A dynamic multigraph and multidimensional attention neural network model for metro passenger flow prediction

Abstract

SummaryPassenger flow prediction is an important part of daily metro operation, and its accuracy affects the deployment of train resources management. Due to the complex spatiotemporal correlation characteristics of metro passenger flow, it is necessary to describe it to improve the accuracy of passenger flow prediction. However, the existing models mainly construct the weight matrix based on the static graph and the similarity between stations when describing the spatial correlation of station passenger flow but ignore the time‐varying characteristics of the spatial correlation of station passenger flow.

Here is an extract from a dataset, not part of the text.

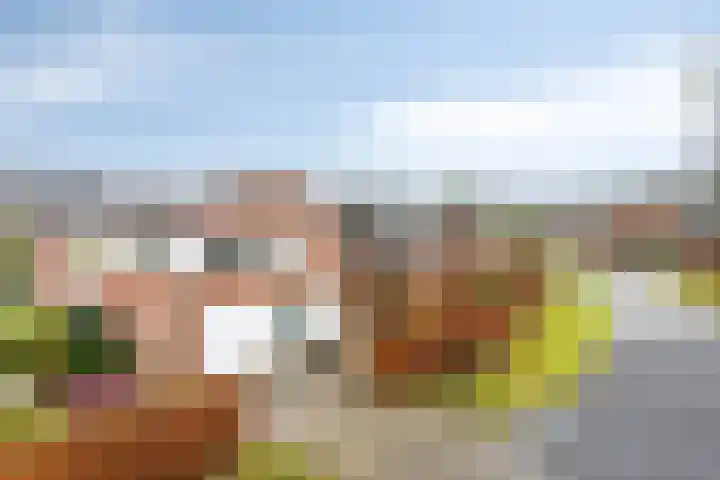 Houtlaan 68 Assen thumbnail 5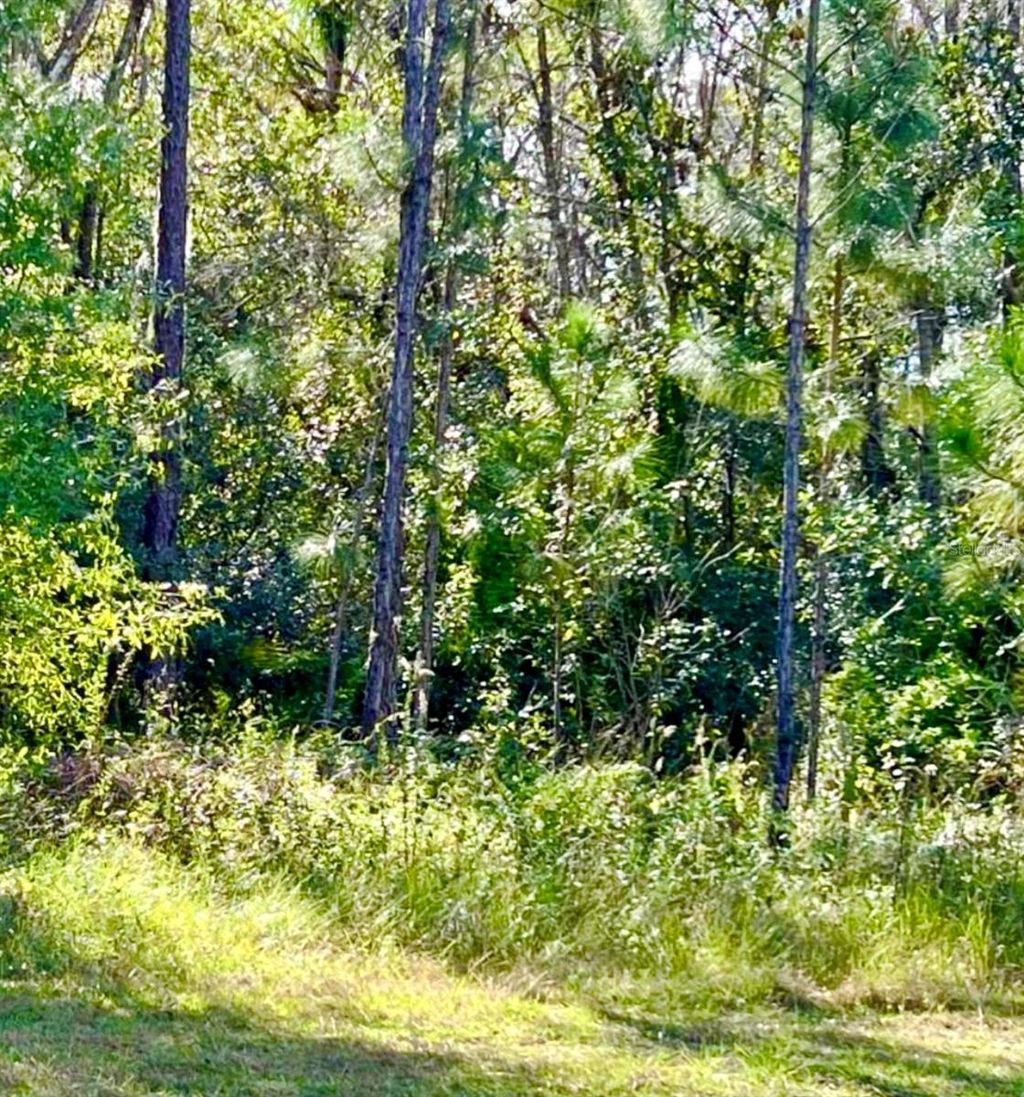 Photo of 1011 Indian Lake Drive, Indian Lake Estates, FL 33855 (MLS # TB8363160)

To address this problem, this study introduces a dynamic multi‐graph and multidimensional attention spatiotemporal model. Specifically, the Graph Convolutional Neural Network combined with dynamic multigraph extracts spatial features and the Gated Recurrent Unit extracts temporal features of passenger flow. The multidimensional attention can obtain the spatiotemporal correlation of passenger flow data by assigning weights to them. Finally, this model has been used to conduct experiments on Beijing metro passenger flow datasets with time granularity of 10 and 15 min. The result indicates that the DGMANN model outperforms state‐of‐the‐art other deep learning methods in passenger flow prediction. In addition, the effectiveness of its key submodules has been verified through ablation experiments.